PODATEK OD ZYSKÓW NADZWYCZAJNYCH

Wprowadzenie w Polsce podatku od zysków nadzwyczajnych jest uzasadnione, ale dochody z niego powinny być przeznaczone na cele związane z zeroemisyjną transformacją.

„W Polsce kwestia podatku od zysków nadzwyczajnych jest istotna, bo dotyczy sektora znajdującego się w początkowej fazie długoletniej transformacji – mówi Maciej Bukowski, prezes WiseEuropa. – Jeżeli podatek od zysków nadzwyczajnych zostałby wprowadzony, dochody z niego powinny być redystrybuowane na cele związane z zeroemisyjną transformacją, by pośrednio sprzyjać transformacji elektroenergetyki”.

Niska elastyczność popytu na dobra energetyczne sprawia, że szoki cenowe na rynku energii przekładają się na znaczny wzrost zysków spółek energetycznych mimo spowolnienia w pozostałych branżach gospodarki. Ostatni szok na rynku surowców i energii sprawił, że powróciła koncepcja opodatkowania nadmiarowych zysków, tzw. windfall tax. W centrum zainteresowania są branże korzystające z podwyższonych cen surowców i kontraktów na energię.

„Obecna propozycja opodatkowania nadmiarowych zysków w Polsce może uwzględniać branże paliwową oraz wydobywczą. To one skorzystały na wzroście cen surowców na światowych rynkach. W dłuższym okresie to elektroenergetyka może stać się centrum zysków nadzwyczajnych, o ile ceny CO₂ będą utrzymywać się na wysokim poziomie – mówi Krzysztof Bocian, współautor raportu. – Jeśli przy tym udział źródeł zeroemisyjnych w polskim bilansie energetycznym istotnie się zwiększy, istnieje prawdopodobieństwo, że ich producenci będą generować ponadprzeciętne zyski.

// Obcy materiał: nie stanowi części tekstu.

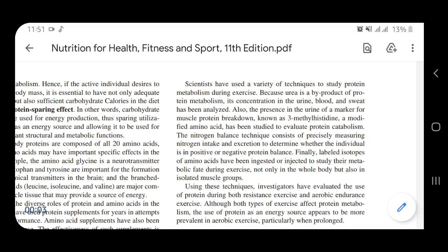There are techniques to study protein metabolism during exercise. Urea is a by-product of protein metabolism, and its concentration in the urine, blood, and sweat has been analyzed. Since urea is a by-product of metabolism, its presence shows that protein metabolism is occurring. It can be detected in blood, sweat, and urine.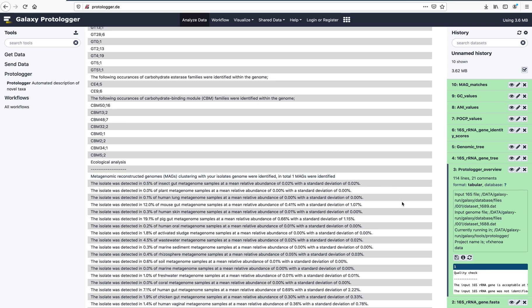The second step of the ecological analysis compares the input 16S rRNA gene to 1,000 amplicon samples from 19 environments. The prevalence and mean relative abundance of the isolate is provided on a separate line for each of the 19 environments.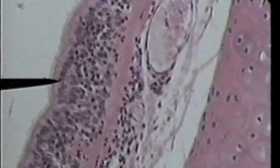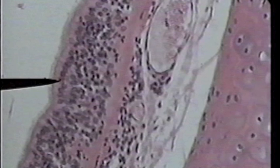We are now looking at the trachea on high power. The lumen is to the left, the clear area. The tip of the pointer is on stratified columnar cells. You can see many layers of cells. The most mature cells are clearly columnar in shape. You can see a row of nuclei in the basal region and pink cytoplasm in the apical region near the lumen. Just left of the apical cytoplasmic region, we can see a row of cilia.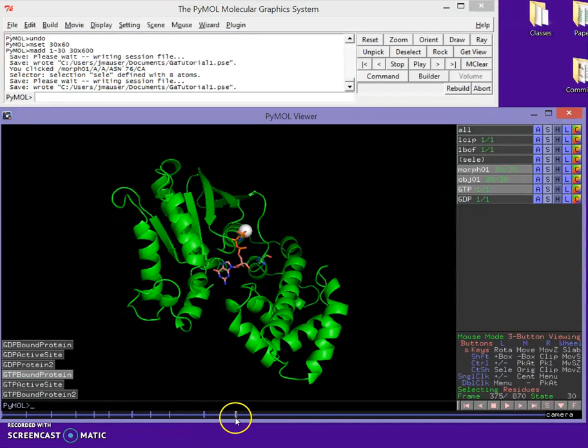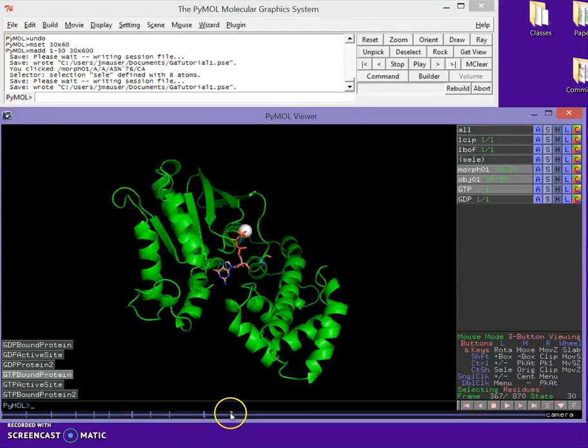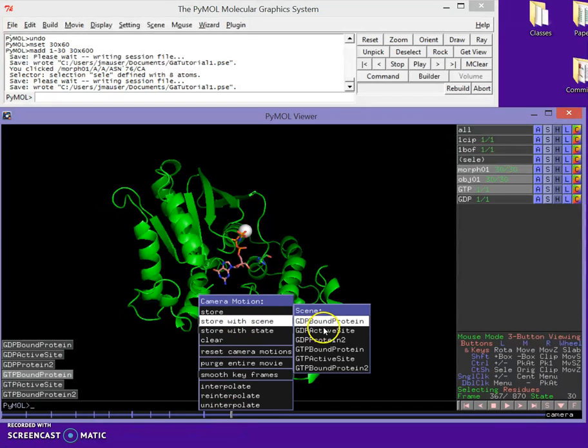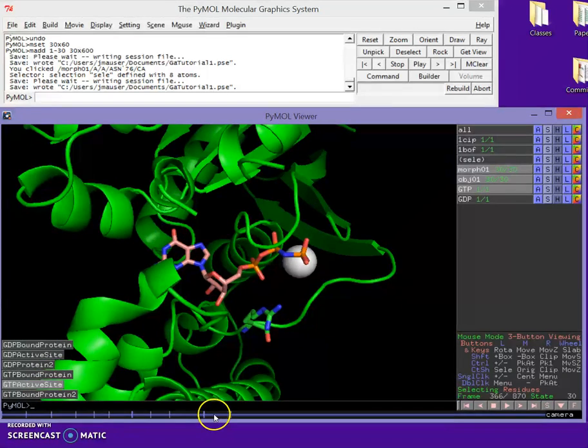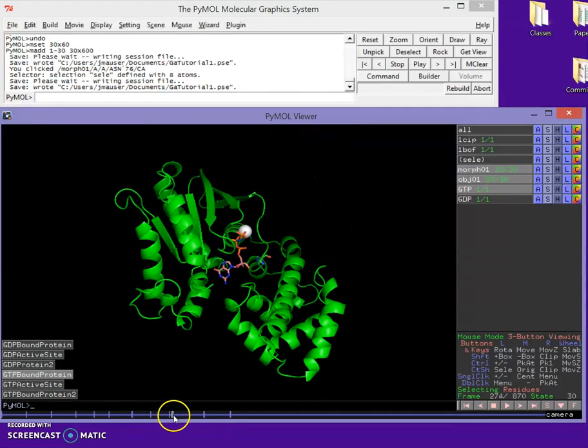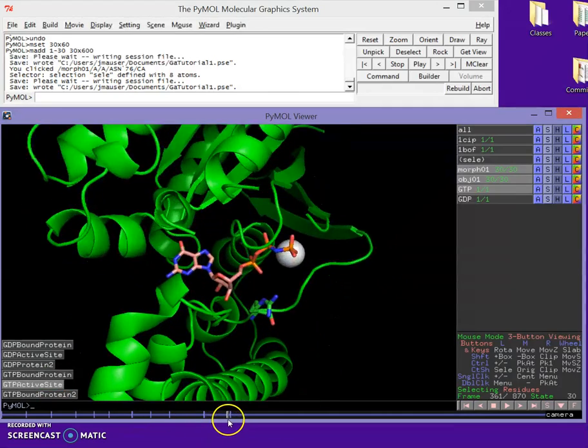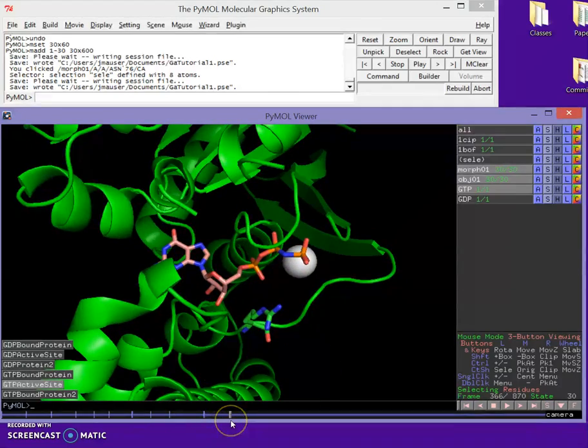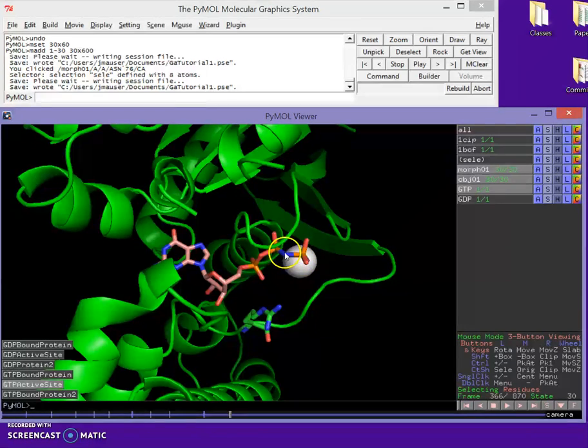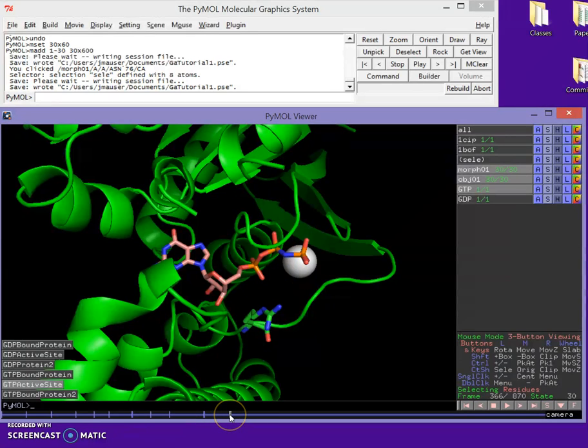Now I want to zoom back in on the active site, so I'm going to move my cursor out here and store with scene GTP active site. We're going to get a chance to admire our protein after the morph, and then it's going to zoom in on the GTP in the active site. You can see the three phosphate groups here. This one you can see is actually a nitrogen, which makes it non-hydrolyzable, so you can actually solve the structure.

W takich warunkach wprowadzenie podatku od zysków nadzwyczajnych może być uzasadnione”.

Szacowane przychody z tytułu windfall tax w Polsce mogłyby sięgnąć ok. 13 mld zł, a więc ok. 0,5% PKB w roku 2023 (podatek nałożony na górnictwo i sektor naftowy) i ok. 0,1% PKB średniorocznie po roku 2030 (w przypadku podatku nałożonego na elektroenergetykę), co mogłoby sfinansować ok. 10%-30% dodatkowych kosztów transformacji zeroemisyjnej w Polsce.

Analitycy zwracają też w raporcie uwagę na niedostrzegany dotąd aspekt, który może pojawić się w trakcie transformacji energetycznej, tj. duże prawdopodobieństwo, że producenci energii elektrycznej ze źródeł zeroemisyjnych będą osiągać bardzo wysokie zyski w okresie przejściowym, zanim jeszcze ich udział w całym rynku energii stanie się dostatecznie wysoki, by móc zauważalnie obniżyć cenę energii w przekroju całego roku.

„Biorąc to pod uwagę można rozważyć wprowadzenie opłaty nałożonej na nadwyżkowe zyski także producentów zeroemisyjnych, które zgodnie z prognozami będą zdecydowanie wyższe w następnych dekadach, zarówno w ujęciu nominalnym, jak i procentowym” – mówi Maciej Bukowski.

Szacunki wskazują na możliwość zebrania z tego tytułu do 2050 roku kwoty rzędu 8-24 mld euro, która mogłaby być następnie wykorzystana na cele transformacji w innych sektorach, jednocześnie nie niszcząc zachęt inwestycyjnych w sektorze elektroenergetycznym.

Jednak podatek od zysków nadzwyczajnych to nie tylko ewentualne korzyści, ale też zagrożenia. Historyczne przykłady dowodzą, że wprowadzenie podatku od nadmiarowych zysków bywało skutecznym źródłem zebrania dodatkowych przychodów budżetowych, lecz czasem wiązało się także z niepożądanymi skutkami gospodarczymi lub niską skutecznością poboru.

„Źle zaprojektowane lub wprowadzone w nieodpowiednim czasie, podatki od nadzwyczajnych zysków mogą zwiększać ryzyko inwestorów i nie przynosić budżetowi dochodów większych niż te, które wynikają ze stałego podatku od renty ekonomicznej” – mówi Krzysztof Bocian.